Quand travailler enferme dans la pauvreté et la précarité : Travailleuses et travailleurs pauvres dans le monde

Quand travailler enferme dans la pauvreté et la précarité : Travailleuses et travailleurs pauvres dans le monde, Carole Yerochewski, Québec, Presses de l’Université du Québec, 2014, 186 p.

L’ouvrage de Carole Yerochewski porte sur un sujet passablement honteux pour une société d’opulence comme le Québec. Il lève le voile sur l’ensemble des mécanismes à l’œuvre, depuis le milieu des années 1970, qui ont eu pour effet de fragiliser sérieusement le marché du travail et d’engendrer des travailleuses pauvres. Précisons-le, ce sont des femmes qui occupent majoritairement ces emplois à temps partiel, cette condition de « travail qui rend pauvre ». D’où l’importance de féminiser.

Le livre dont il est question ici comporte cinq chapitres. Dans un premier temps, l’auteure s’attaque à la définition de son objet d’étude (« Travailleuse/travailleur ou ménage pauvre ? ») ; dans un deuxième temps, elle repère le moment où est apparu ce récent phénomène ; dans un troisième temps, elle cerne les causes à l’origine de l’appauvrissement de certaines personnes salariées sur le marché du travail ; dans un quatrième temps, elle circonscrit la reconfiguration contemporaine du marché mondial ; finalement, elle identifie des perspectives d’action pour permettre aux personnes concernées par ce phénomène de prendre l’initiative en vue d’améliorer leurs conditions de vie et d’existence. L’ouvrage contient un foisonnement de données quantitatives et présente un volet normatif comportant des propositions de réformes intéressantes en vue de contrer certaines politiques gouvernementales et orientations patronales qui avilissent nos semblables.

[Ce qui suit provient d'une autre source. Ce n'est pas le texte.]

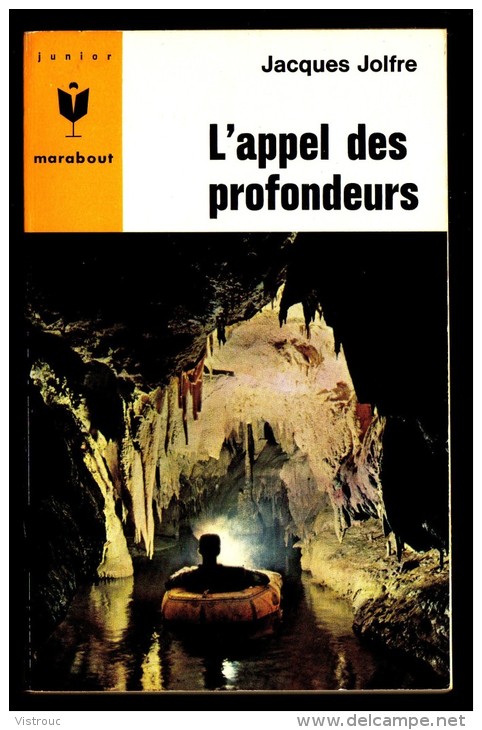 " L'APPEL DES PROFONDEURS ",  Par Jacques JOLFRE -  MJ  N° 301. Récit. - Marabout Junior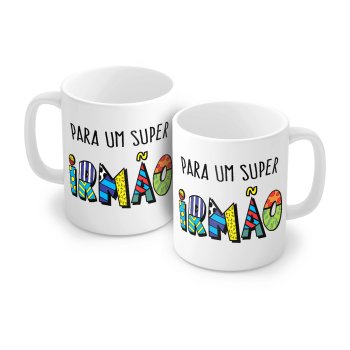 Caneca de Porcelana 320 ml decoração faixa- Para um super irmão. 6617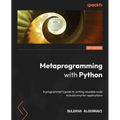 Metaprogramming with Python: A programmer's guide to writing reusable code to build smarter applications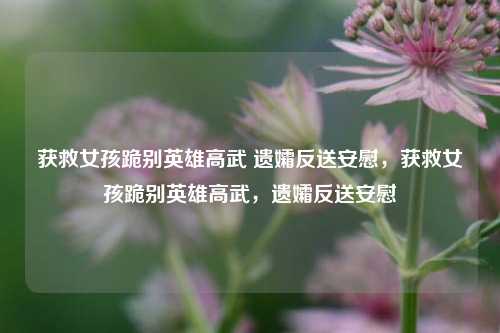获救女孩跪别英雄高武 遗孀反送安慰，获救女孩跪别英雄高武，遗孀反送安慰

La thèse centrale développée par Yerochewski se décline comme suit : le compromis issu de la Deuxième Guerre mondiale (le compromis fordiste-keynésien) a été remis en question à partir du milieu des années 1970. Nous sommes passés de la mise en place de politiques favorisant le « plein emploi » et le partage des gains de la productivité par la négociation collective, à l’adoption de politiques favorisant « la compétitivité des entreprises » accompagnée d’un affaiblissement de la capacité de résistance du mouvement syndical. Ici, c’est le modèle référentiel d’action schumpétérien qui l’a emporté sur ses concurrents. Selon ce modèle, « c’est l’innovation, et donc, l’offre, qui soutient la croissance économique  ». Place à l’initiative individuelle et mise au rancart dorénavant de ces politiques sociales de bien-être des Trente glorieuses qui permettaient d’avoir des revenus de remplacement en cas de perte d’emploi. Aux individus dorénavant à se responsabiliser face aux nouvelles exigences du marché du travail. Aux personnes salariées de s’activer pour trouver du travail. Pour les partisan·e·s de cette nouvelle politique économique, exit le Welfare State et bienvenu au Workfare State. Yerochewski avance, avec raison d’ailleurs, que la contre-réforme de l’assurance-emploi, instaurée par le gouvernement de Stephen Harper en 2012, s’inscrit dans cette orientation du Workfare State et correspond à rien de moins qu’une « conduite autoritaire ».

Ce livre saura intéresser toutes les personnes qui veulent approfondir leurs connaissances sur ce fléau que les économies développées n’ont pas été en mesure de contrer, à savoir : « vivre au jour la journée » selon l’expression du sociologue Robert Castel.